Exercise data section start
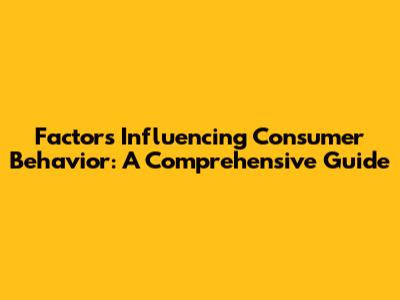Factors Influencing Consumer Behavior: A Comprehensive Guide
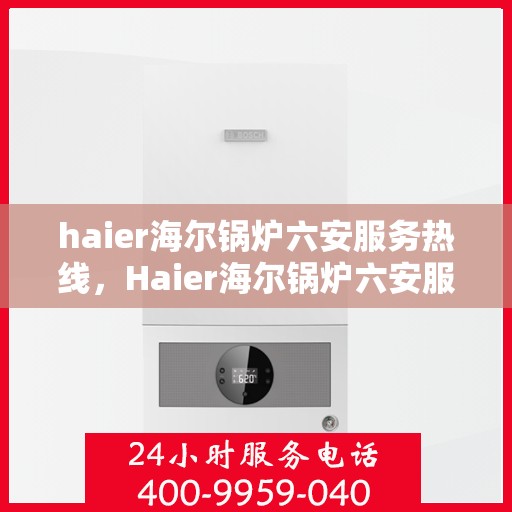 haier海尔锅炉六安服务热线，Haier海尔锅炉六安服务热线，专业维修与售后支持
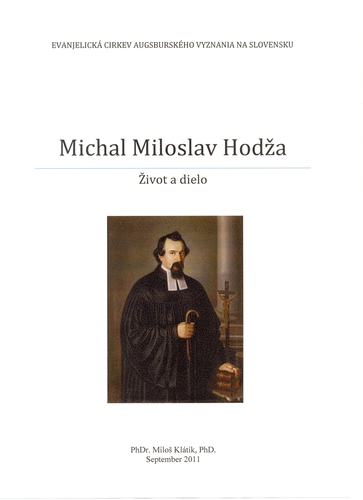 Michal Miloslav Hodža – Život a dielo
Exercise data section end
Exercise data section start
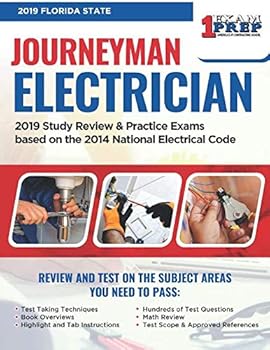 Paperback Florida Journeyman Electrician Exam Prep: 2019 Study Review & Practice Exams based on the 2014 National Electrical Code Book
Exercise data section end
Exercise data section start
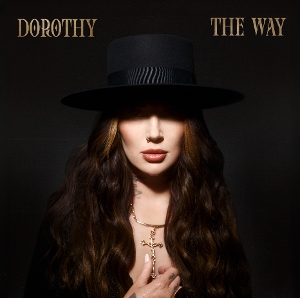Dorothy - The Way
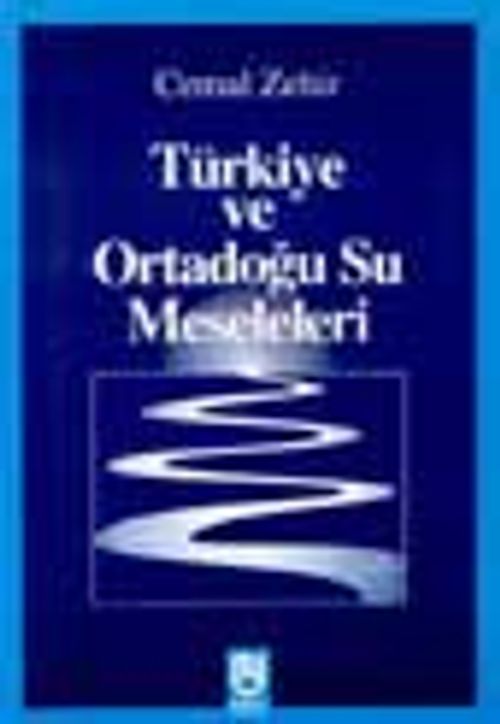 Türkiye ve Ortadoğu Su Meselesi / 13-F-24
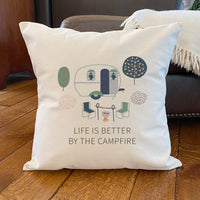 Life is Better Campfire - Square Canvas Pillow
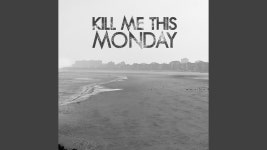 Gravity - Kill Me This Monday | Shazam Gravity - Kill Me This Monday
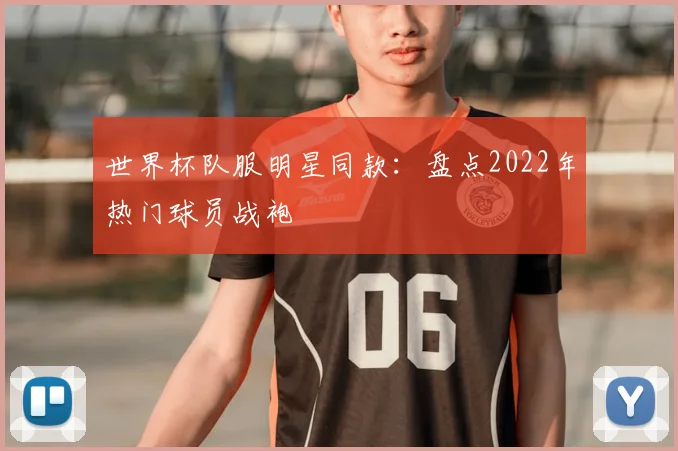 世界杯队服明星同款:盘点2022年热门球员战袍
Exercise data section end
*Prompt:* Without the pictures, set down the lines above from the line with "Factors Influencing Consumer" up to and including the line with "Michal Miloslav Hodža – Život a dielo" exactly as they stand.

*Task answer:*
Factors Influencing Consumer Behavior: A Comprehensive Guide
 haier海尔锅炉六安服务热线，Haier海尔锅炉六安服务热线，专业维修与售后支持
 Michal Miloslav Hodža – Život a dielo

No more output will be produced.